Berkeley at WAR


Fifth Estate # 74, March 5-19, 1969

BERKELEY (LNS)—The University of California campus here became a battlefield Thursday, Feb. 20, as students fought back against repeated tear gas attacks by club-swinging pigs.

Some 3,000 strikers abandoned the usual tactics of picketing and running, to remobilize when the cops attacked. When the students counterattacked hurling rocks, bricks, bottles and cherry bombs—the police often retreated in terror.

As a result of the day’s battle, the University reported 12 students injured, and the Alameda County Sheriffs Office reported 13 cops hurt, including Division Chief Tom Hutchins, who was struck on the shoulder by a rock. Fifteen students were arrested on Thursday, bringing the total number arrested to 133 in the month-old strike.

The strike, led by the campus Third World Liberation Front, which is demanding an autonomous Third World College, appeared to be faltering until a week ago, when two students and a newsman were the victims of brutal, unprovoked beatings by the police. On that day, 36 persons were arrested, including 17 informational pickets from the Teaching Assistants’ Union (AFT).

On Tuesday, a blood-thirsty horde of pigs cornered black leader Jim Nabors, viciously beat him, and hauled him away to jail. Picket lines swelled to about 1000 and strikers began sporadically throwing rocks at police. That evening, the AFT voted 190 to 41 to strike, demanding the removal of police from campus, the resolution and implementation of TWLF demands, and union organizing rights on campus

On Wednesday, in a front-page editorial entitled “The Horror,” the “liberal” campus newspaper, The Daily Californian, said “We urge you to join the strike for the Third World demands and an end to police on campus. We urge you to support the right of peaceful picketing and the right to walk across campus and emerge alive. The reign of terror cannot longer be endured.”

The University was increasingly crippled on Wednesday, when many non-academic employees honored the AFT picket line and significant numbers of students boycotted classes, especially in humanities courses. In some fields, as many as half the professors held classes off campus.

On the picket lines, after police were unsuccessful in an attempt to arrest the blacks, they started swinging their clubs wildly, and students retaliated with rocks and cherry bombs. Police countered with their first use of Mace on strikers.

Thus the stage was set for Thursday’s battle, which many persons described as similar to last summer’s confrontations in Chicago. The day started peacefully as a line of about 1200 strikers marched to University Hall and threw a scare into the Regents, who were meeting there under heavy guard. Twenty minutes later the strikers returned to campus and continued picketing in front of the administration building (Sproul Hall); students were in a quandary, seeing the masses of angry strikers, yet remembering Ronnie Reagan’s “state of emergency” orders to keep the campus opened.

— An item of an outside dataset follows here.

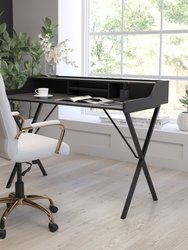 Jordi Desk Contemporary Black Office Computer Writing Desk With Top Shelf and Center Storage Compartments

Then, at 3 p.m., a tear gas canister exploded next to some cops on the steps of Sproul Hall. Police claim a student threw it, but students and newsmen on the scene saw it like this: someone threw a flower at a cop who freaked and threw the canister before his cohorts could don their masks.

Anyway, police answered with a barrage of tear gas, and the three-hour campus guerrilla war began, involving about 300 students and 300 pigs. The police repeatedly bombarded strikers with tear gas canisters (many of which were immediately thrown back at the cops; the strikers backed off slightly, cleared their eyes, and quickly returned to pelt the cops with a barrage of rocks, bricks and cherry bombs.

Hundreds of strikers attacked the cops. No longer was the fear of being caught or beaten holding them back. The cops were picking up rocks and wildly throwing them back (one rock went through a Student Union window). Often the cops retreated in panic to the safe confines of the Sproul Hall basement.

At one point, the strikers spotted two police paddy wagons. They quickly overturned the first one, and when two pigs tried to rescue the other wagon, they were driven back into the basement of Sproul Hall.

The second wagon was then overturned and hundreds of onlookers cheered and raised their hands in the clenched-fist salute.

It was estimated that hundreds of tear gas canisters were used by police in a vain effort to rout the strikers. Proud and weary, the people left the battlefield about 6:00 p.m., understanding more vividly where their power lies.